#### [Information shown]
....

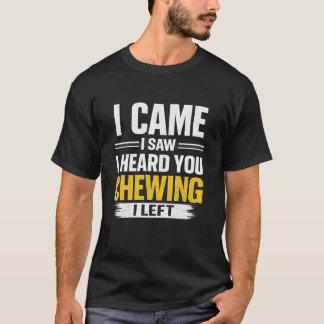 Llegué Vi Te Escuché Masticar Me Fuí Camiseta Dive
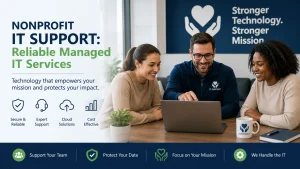 Nonprofit IT support team providing reliable managed IT services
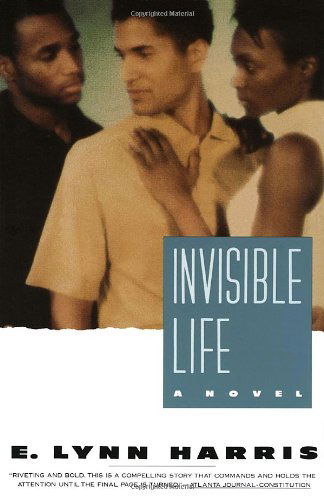 Cover for E. Lynn Harris · Invisible Life: a Novel (Paperback Book) [Reprint edition] (1994)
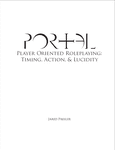 RPG Item: PORTAL: Player Oriented Roleplaying- Timing, Action & Lucidity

....

#### [Exercise aim]
Restate the lines above exactly, from the one bearing "Cover for E." through the final line of the material, both included, omitting pictures.

#### [Output for this task]
 Cover for E. Lynn Harris · Invisible Life: a Novel (Paperback Book) [Reprint edition] (1994)
 RPG Item: PORTAL: Player Oriented Roleplaying- Timing, Action & Lucidity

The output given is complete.